Chinese Laws and Chinese Legal Systems (LAWS6001)

UNIT OF STUDY

This unit will provide students with an overall picture of the modern Chinese legal system. It will develop a perception of its unique character by tracing its role through major social epochs and the role of law in a socialist market economy. It will examine the concept of law as a political function and the implementation of law, not so much through courts, as through administrative fiats and authority, making law essentially a function of politics and administration. The unit will illustrate these perceptions through the study of various legal regimes. Lecture topics may include: Chinese legal history; Chinese legal system; criminal law and procedure; constitutional law; civil law and procedure; legal profession; environmental law; contract law; property law; company law; intellectual property law; foreign joint ventures; arbitration and mediation; foreign trade law and taxation law. The coursework component of the unit is residential and is conducted on the campus of the East China University of Politics & Law in Shanghai, People's Republic of China. Lectures will be given in English in Shanghai by professors from the East China University of Politics & Law. There will also be a visit to a Chinese law firm.

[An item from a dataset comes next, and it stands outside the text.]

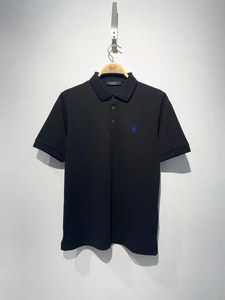 购杰尼亚2022夏季新款z杰出联名款三叉戟刺绣男款翻领短袖polo衫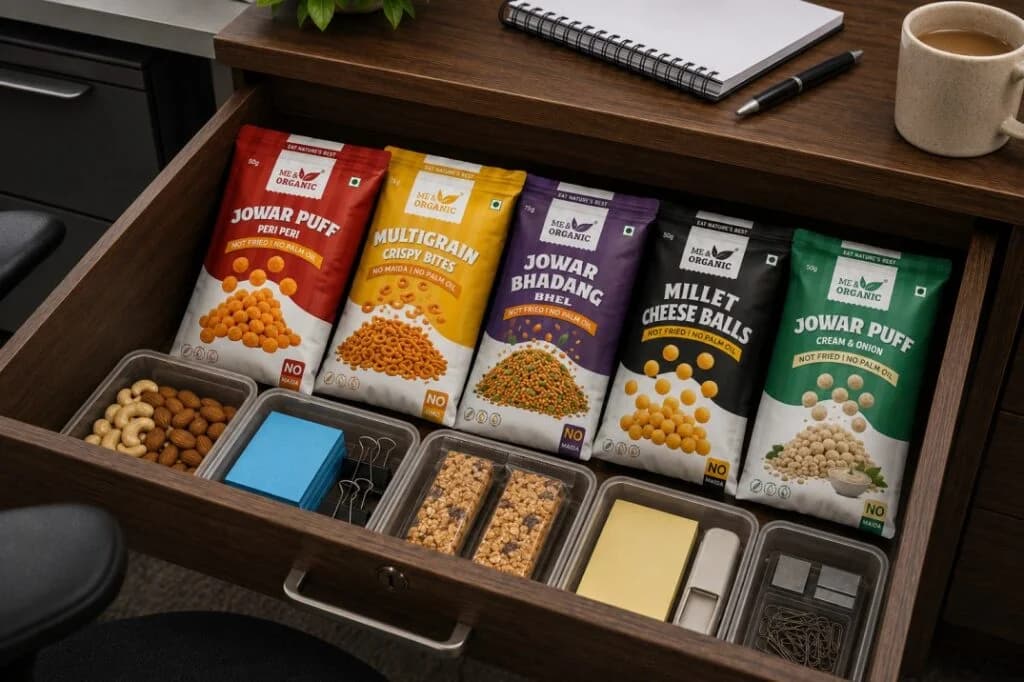 Guilt-Free Millet Snacks for Your Office Desk Drawer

Further unit of study information

Classes

Nov 22 to Dec 11

Assessment

2hr exam to be completed in Shanghai (30%) and 8000wd essay (70%) due in February

Faculty/department permission required?

Yes

Unit of study rules

Prerequisites and assumed knowledge

Assumed knowledge: LAWS6252 or a law degree from a common law or civil law jurisdiction

Prohibitions

LAWS3068, LAWS3014, LAWS6857, LAWS5368

Study this unit outside a degree

Non-award/non-degree study

If you wish to undertake one or more units of study (subjects) for your own interest but not towards a degree, you may enrol in single units as a non-award student.

Cross-institutional study

If you are from another Australian tertiary institution you may be permitted to underake cross-institutional study in one or more units of study at the University of Sydney.